## Task statement
Only the lines from the one containing "The man rubs" through the last line of the data below belong in your answer, copied exactly and without pictures.

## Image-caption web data
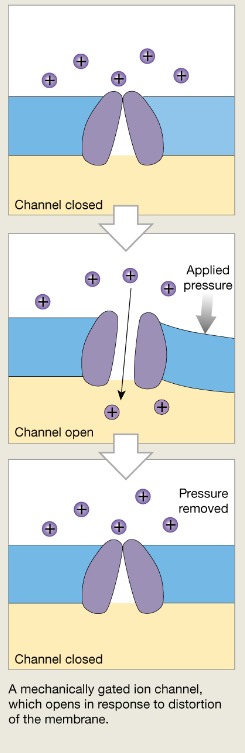 <p>Open and close in response to physical deformation of receptors</p>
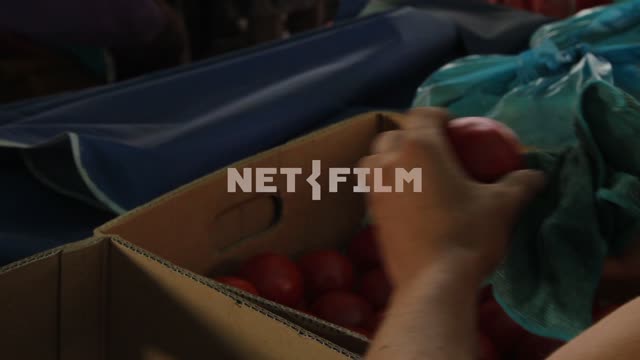 The man rubs the tomatoes and puts them in a box.
Tomatoes, hand, close-up, box, cloth, tomato,...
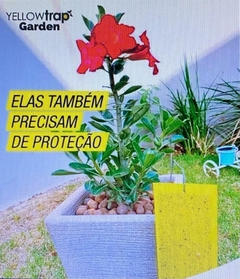 Armadilha adesiva para captura insetos pragas voadores. Kit com 5 cartelas Yellowtrap Mini Garden - loja online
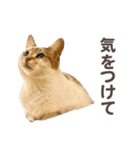 バロンとジジとオトは仲良し（個別スタンプ：3）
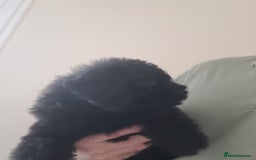 Toy Poodle dogs for sale: Toy poodle boys - Image 6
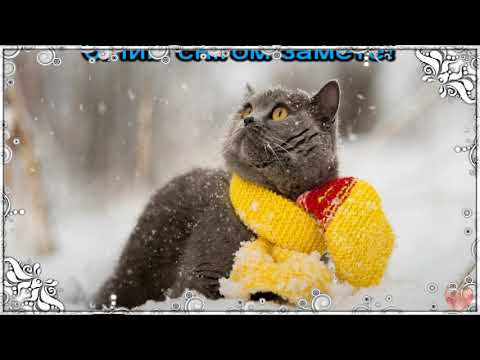 Сніжний кіт (пісня+текст)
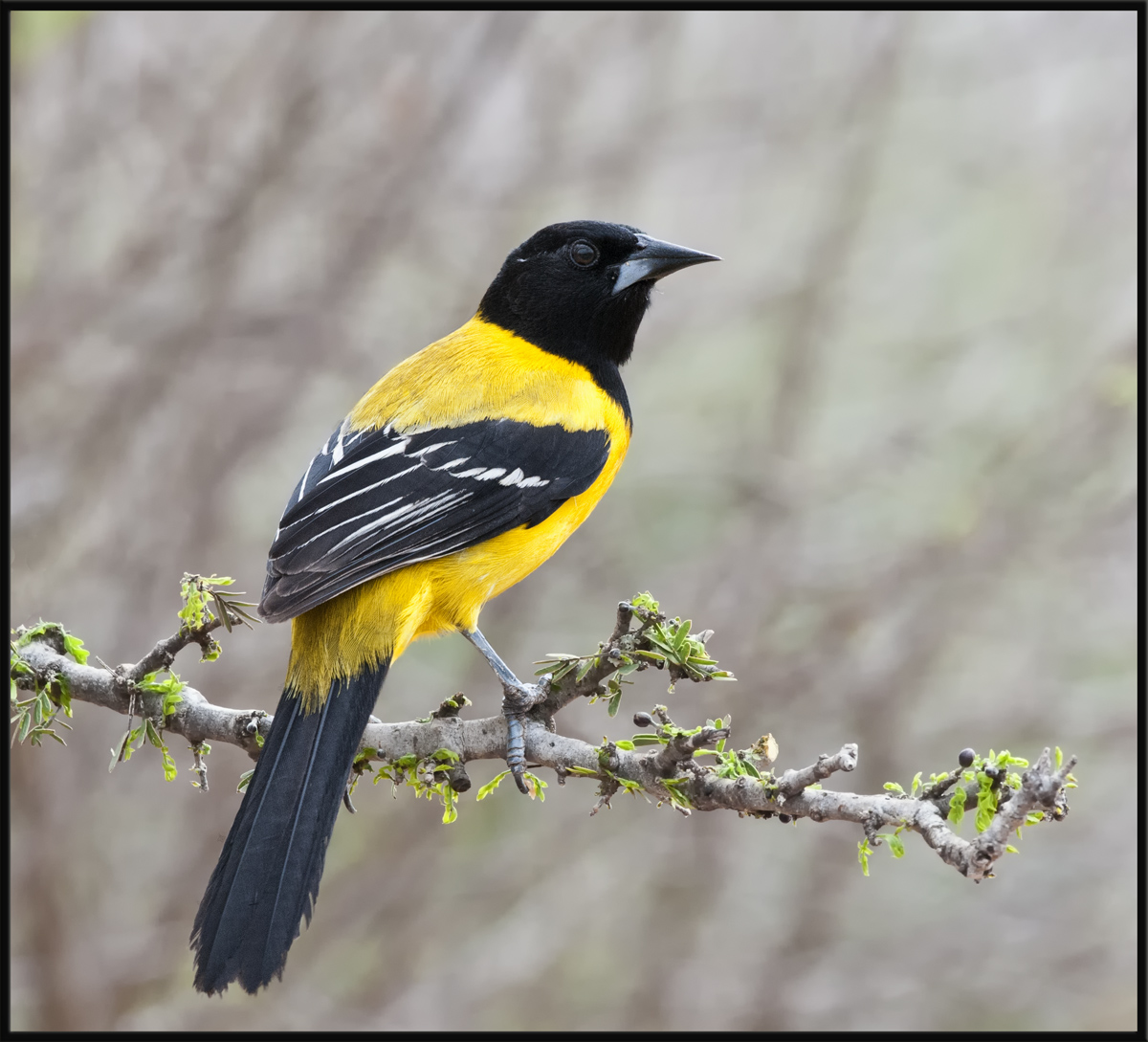 Oriole
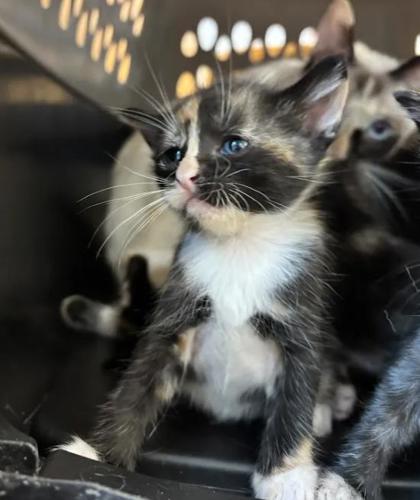 Shelter Stray Female Cat last seen Near Ridgemere Ct Stone Mountain Georgia 30083, 30083, GA, 3280 Chamblee Dunwoody Rd, Chamblee, GA 30341, USA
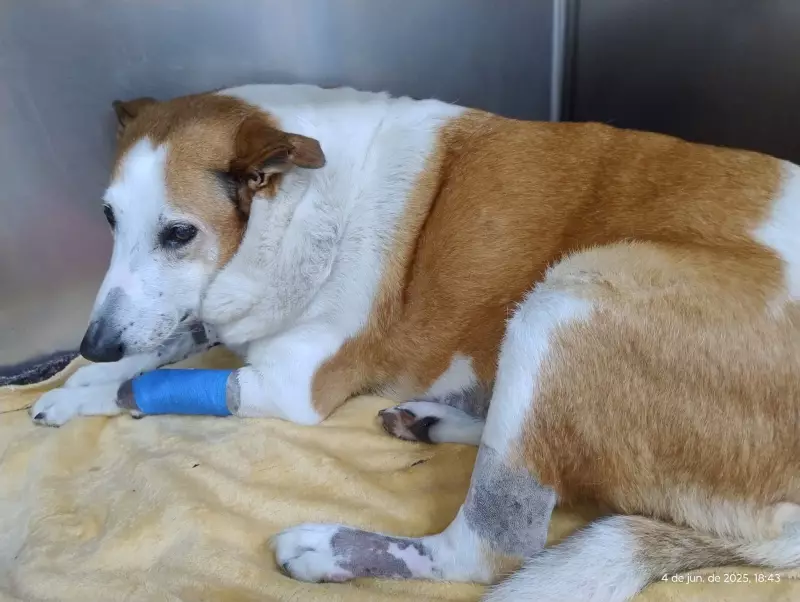 Cão Silveira, celebridade de 4 patas da UFSM, é hospitalizado e passa por cirurgia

## Answer box
 The man rubs the tomatoes and puts them in a box.
Tomatoes, hand, close-up, box, cloth, tomato,...
 Armadilha adesiva para captura insetos pragas voadores. Kit com 5 cartelas Yellowtrap Mini Garden - loja online
 バロンとジジとオトは仲良し（個別スタンプ：3）
 Toy Poodle dogs for sale: Toy poodle boys - Image 6
 Сніжний кіт (пісня+текст)
 Oriole
 Shelter Stray Female Cat last seen Near Ridgemere Ct Stone Mountain Georgia 30083, 30083, GA, 3280 Chamblee Dunwoody Rd, Chamblee, GA 30341, USA
 Cão Silveira, celebridade de 4 patas da UFSM, é hospitalizado e passa por cirurgia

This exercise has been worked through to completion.